Saturday, June 24, 2000

What MNF needs
is flexibility

I had this nightmare. I turned to Monday Night Football and there was comedian Dennis Miller yukking it up with Al Michaels and Dan Fouts.

At first, I thought it was my TV set screwing up, mixing the channel signals from ABC and HBO. It wasn't.

Yes, it's really Dennis Miller. Boy, these Saturday Night Live guys sure get around.

Some people might think it was a cool idea of Don Ohlmeyer to go with Miller. I thought maybe it was because Chris Rock wasn't available.

The rationale apparently is to boost MNF's ratings, which have decreased in each of the past five seasons.

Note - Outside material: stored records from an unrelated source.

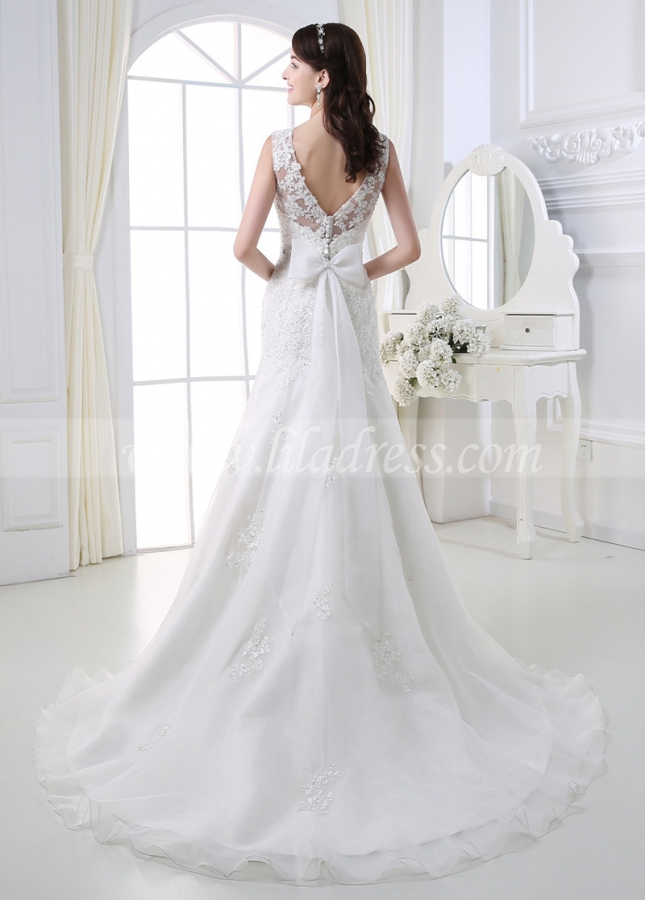 Stunning Organza A-line Bateau Neckline Wedding Dress With Beaded Lace Appliques
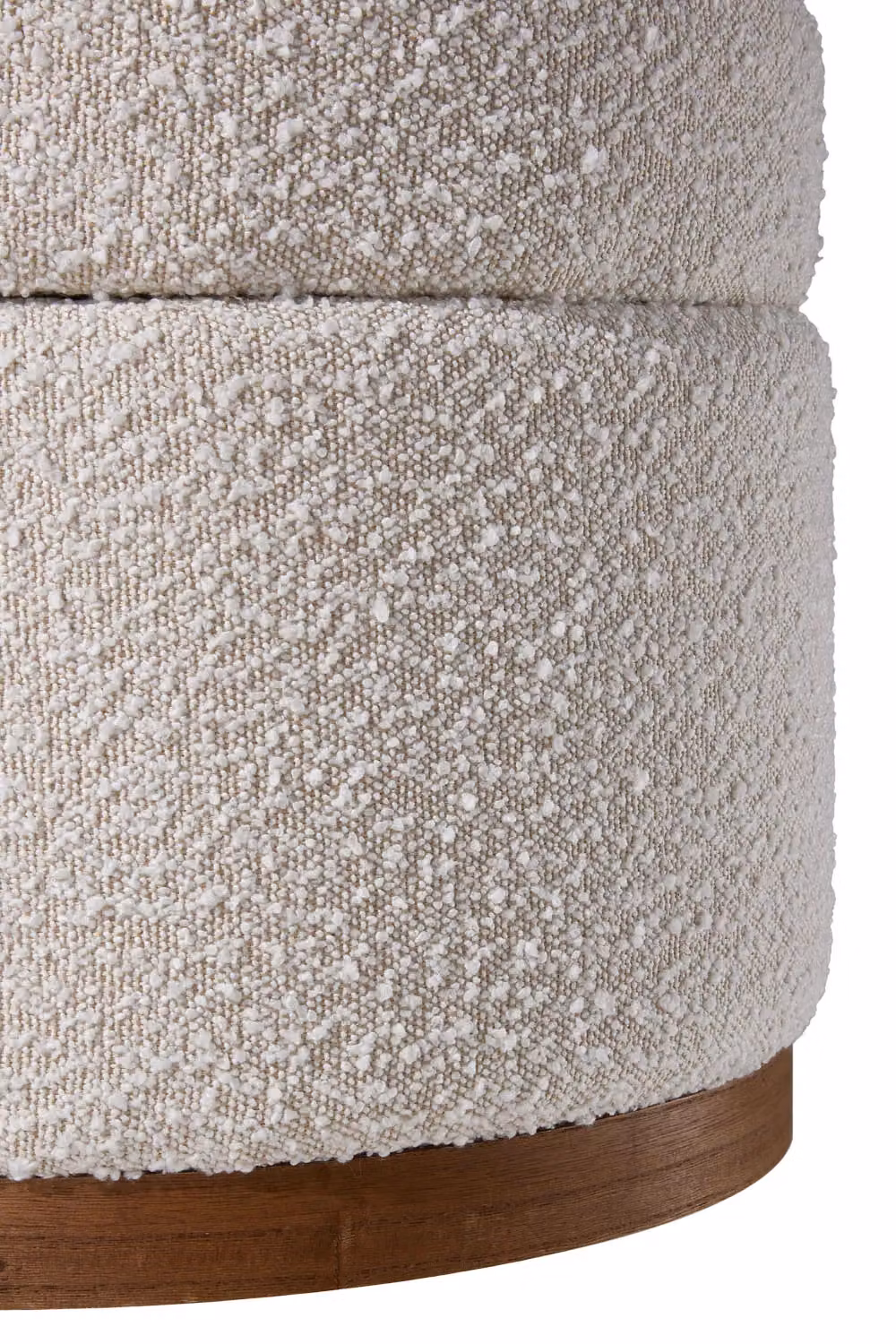 H&O Direct Beige Bouclé Round Storage Ottoman – 3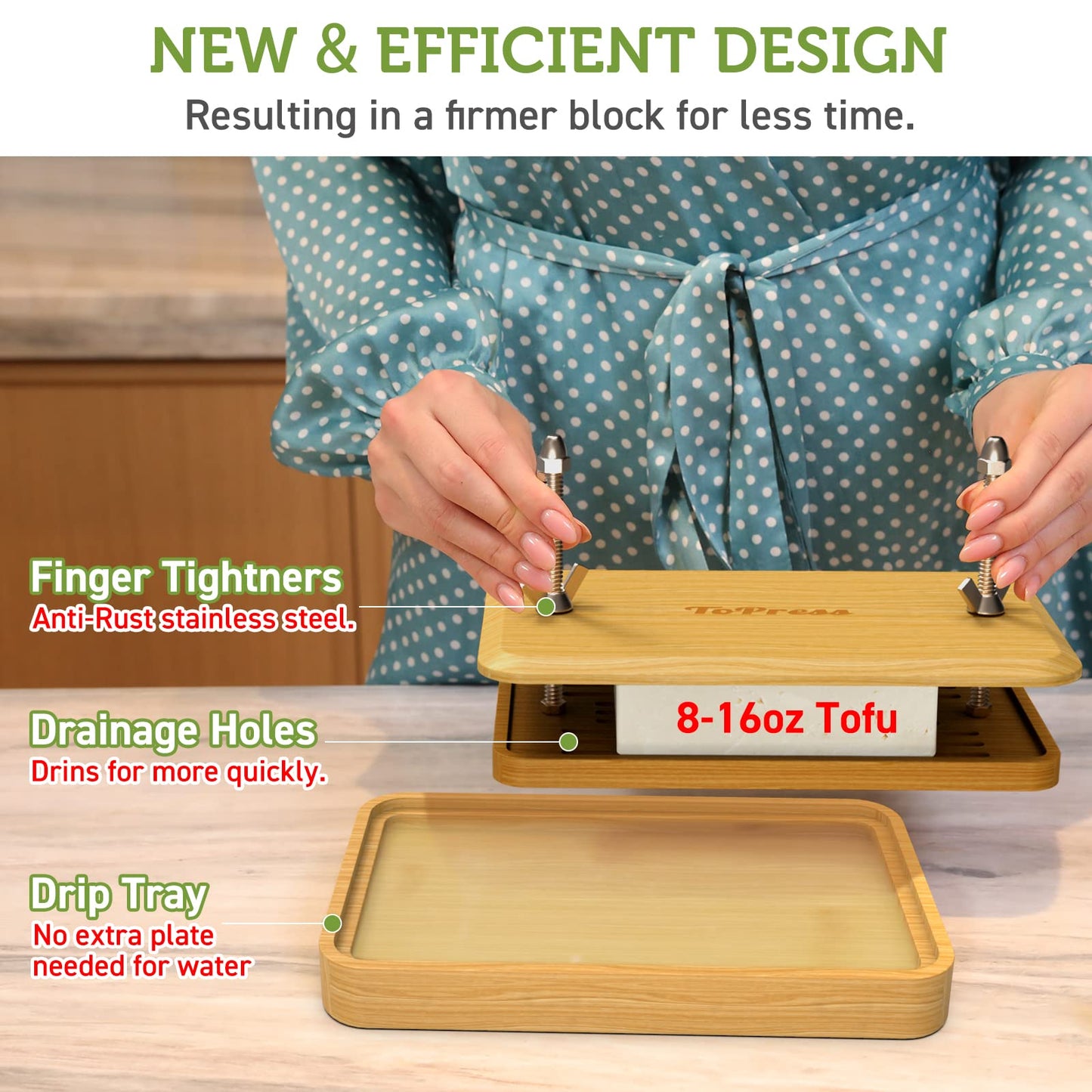 YARKOR Bamboo Tofu Press with Strainer & Drip Tray - 16oz Tofu Drainer, Includes Cheesecloth, Perfect Gift for Tofu Lovers
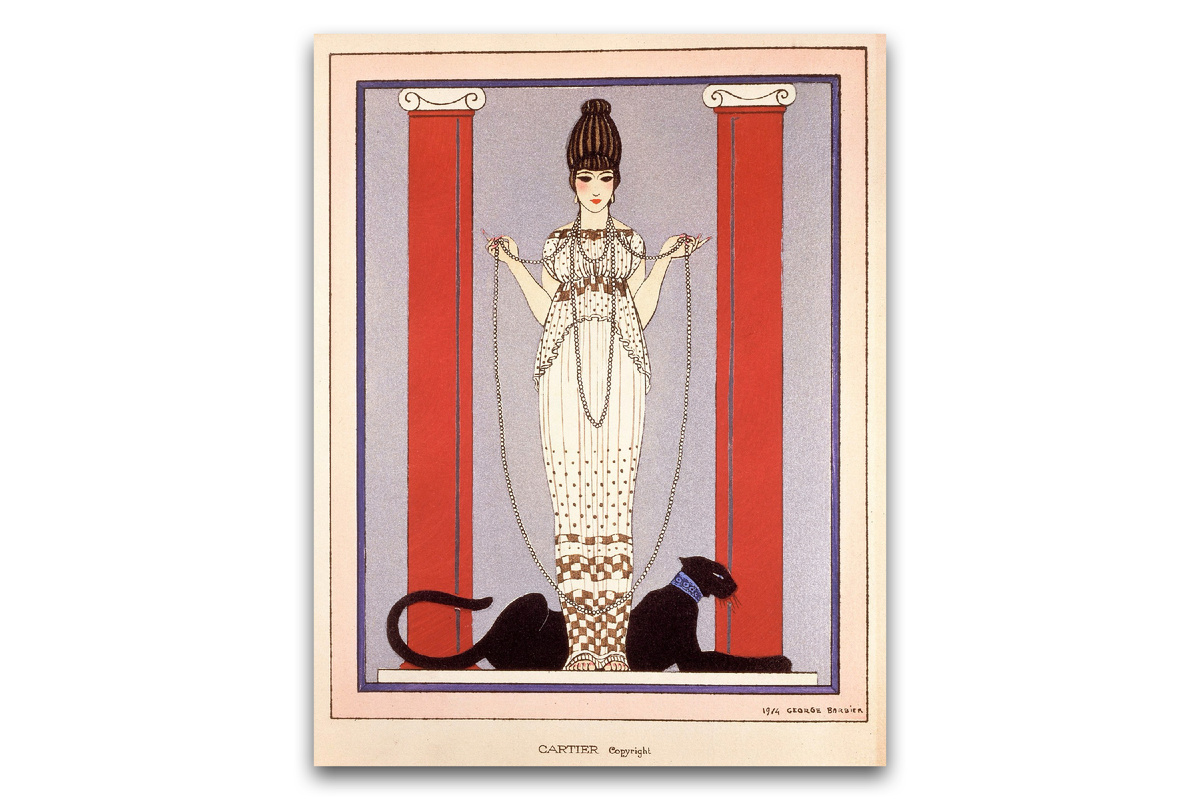 «Женщина с пантерой» работы Жоржа Барбье для Луи Картье (1914). На выставочной открытке, заказанной Картье, изображена женщина в платье от Поля Пуаре.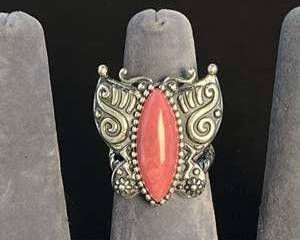 Sterling Silver Butterfly Ring with Pink Marquise Stone
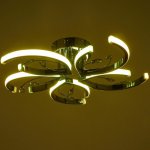 Люстра с ПДУ  "Сильвия" 5xLED 70Вт 3000-6000К диммер, хром 56х56х11 см.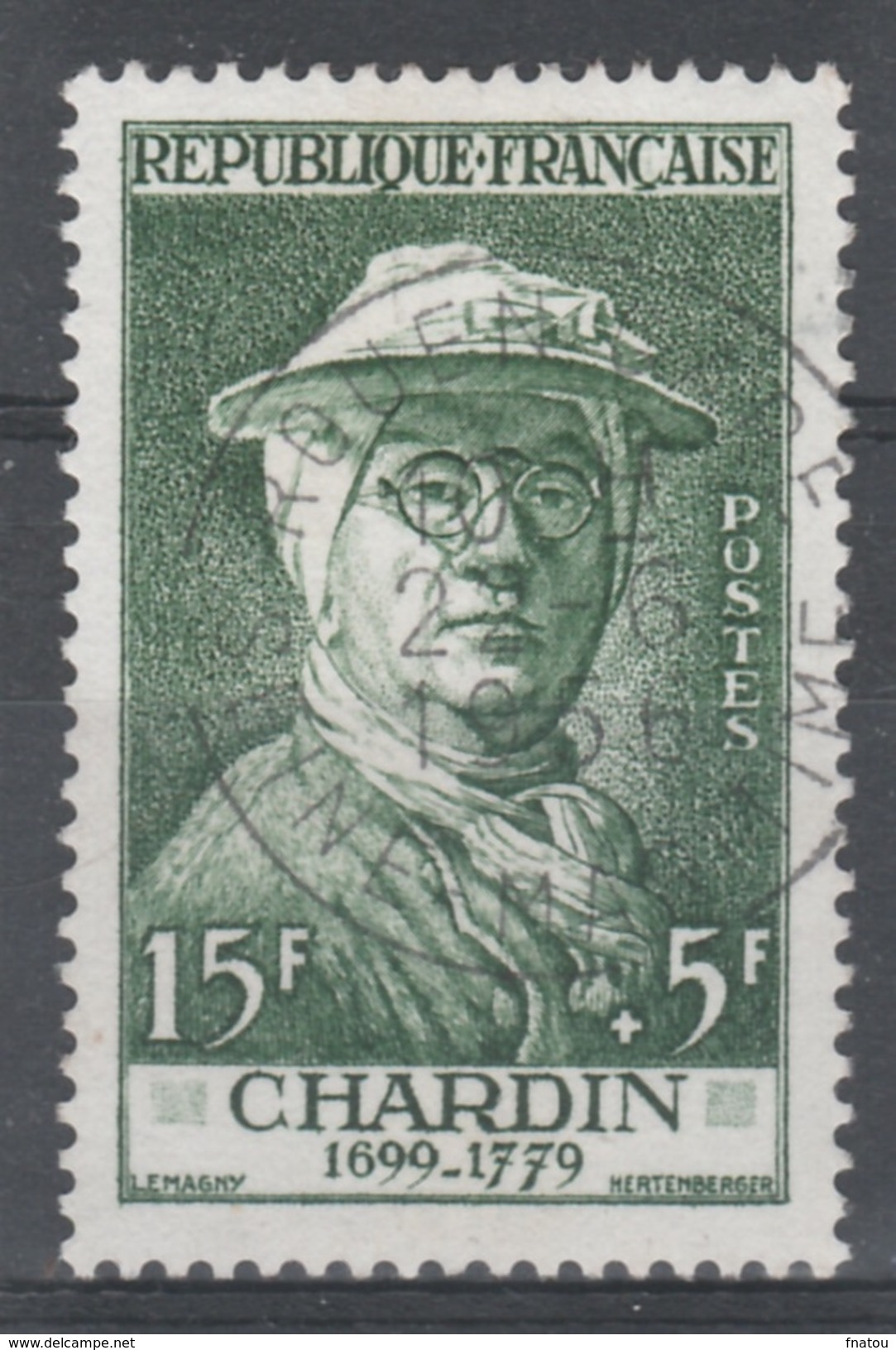 France, Jean-Baptiste-Simeon Chardin, French Painter, 1956, VFU - Used Stamps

"It's not as special as it used to be," said ABC Sports president Howard Katz.

Of course, if Miller Time doesn't cut it this season, ABC can always go with its sure-fire ratings' winner -- Regis Philbin and have him host "Do You Want to Be a Millionaire?" at halftime on Monday Night Football.

I know, it could have been worse.

Ohlmeyer might have opted for Rush Limbaugh, who had been in the pool of candidates to join Michaels in the booth.

If nothing else, it goes to show you MNF's dire straights. Who would have thought it needed comic relief?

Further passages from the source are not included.